USS Zephyr (PC 8) and U.S. Coast Guard Law Enforcement Detachment Pacific personnel, conducting operations in support of JIATF-S Operation Martillo. U.S. Navy photo by MC3 Casey J. Hopkins
Texas Public Radio has a report, “A surge in Navy deserters could be a sign of a bigger problem for the military,” that also references recent suicides in the Navy. I would note that, based on their reporting, there has been no comparable surge in other armed services, and there is good news from the Coast Guard.
“But other branches of the military didn’t see a similar increase in the past three years.Desertions in the Army dropped by 47%, from 328 in 2019 to 174 in 2021, and the Marine Corps reported 59 in 2019 and 31 in 2021. The Coast Guard said it didn’t record a single deserter between 2019 and 2021.”
I would also point out, that 157 desertions out of over 340,000 active duty members is still a pretty smaller percentage (<0.046%, about one out of 2,178), only a little worse than the Army’s much improved 2021 figures, and actually much better than the Army’s 2019 figures.
The TPR report is really using this “surge” as basis for discussing the lack of early out options. While we don’t want to spend a lot of money training someone for a high paying civilian job and then release him or her as soon as they go to a job where their boss actually expects them to do their job, there are times when early separation is good for the service.
Early in my career, it was the Vietnam era. Many enlisted in the Coast Guard, not because they wanted to be there, but because it was a way to avoid the draft. The Ocean Station program was ending, so the Coast Guard decided to decommission many of its larger ships and to truncate the WHEC 378 program at 12 instead of the planned 36. The resulting downsizing meant there would be a large reduction in force. We took advantage of this by early, many times compulsary, separation of many trouble makers and poor performers. It always seemed 90% of our personnel problems were caused by fewer than 10% of our people. This purge had a wonderful effect.
Wow! USCG wanted 36 Hamiltons? Wow.
Such pretty ships.
We had 36 WHECs at the time; 18 were former US Navy small tenders of the Barneget class https://en.wikipedia.org/wiki/Casco-class_cutter, 12 Owasco class cutters of 255 feet overall, commissioned 1945/46 https://en.wikipedia.org/wiki/Owasco-class_cutter, and six well loved 327 foot cutters commissioned 1936/37 that out lived the two newer classes https://en.wikipedia.org/wiki/Treasury-class_cutter.

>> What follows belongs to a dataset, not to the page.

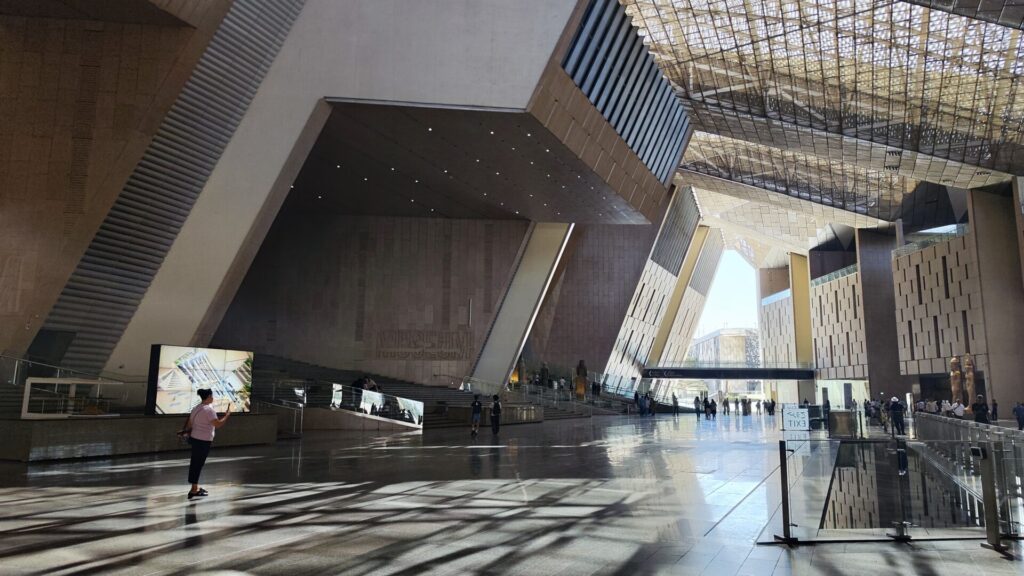 Hall de entrada del Grand Egyptian Museum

I am still staggered how we here in the UK compared with most of Europe have no real maritime security.
@X, The UK has the fifth largest EEZ in the world after France, the US, Australia, and Russia, and far larger than Norway, Spain, Italy, Germany and Turkey. Most of its non-European EEZ seldom sees an law enforcement presense.
The plan was to replace all of the big cutters at the time. The 255’s, 311’s and the 327’s in one fell swoop.
“Just think of all the good the Purge does society, honey”.
I think there was a movie about that.
The RIF circa 93-94 was a sh*tshow though. Instituted high-year tenure to reduce ranks, any nonrates with marks averaged below 3.0 were out. Problem being they didn’t stagger the tenure and start from the top to make room for the 2nd/3rd class high years to be able to promote up. Watched a couple nonrates get cut who had poorer marks due to issues with their direct (usually a BM2/MK2) but they had ‘straightened up’ on their last set of marks. Just literally booted for being a fraction under 3 despite good last marks. They got an honorable discharge with a RE:1 code but the CG wouldn’t take them back.
lost a couple decent non-rates to that rif. they weren’t stellar but dependable workers, without serious discipline issues.